- [Supplied material]:
+ + +

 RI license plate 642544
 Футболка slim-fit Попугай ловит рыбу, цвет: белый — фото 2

+ + +

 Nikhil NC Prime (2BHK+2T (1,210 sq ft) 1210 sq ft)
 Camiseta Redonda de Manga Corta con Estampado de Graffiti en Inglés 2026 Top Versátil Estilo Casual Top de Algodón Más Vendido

+ + +

- [What the task requires]:
Copy out, exactly and alone, the lines of the entries above between the ones holding "Nikhil NC Prime" and "Camiseta Redonda de", inclusive.

- [Your response]:
 Nikhil NC Prime (2BHK+2T (1,210 sq ft) 1210 sq ft)
 Camiseta Redonda de Manga Corta con Estampado de Graffiti en Inglés 2026 Top Versátil Estilo Casual Top de Algodón Más Vendido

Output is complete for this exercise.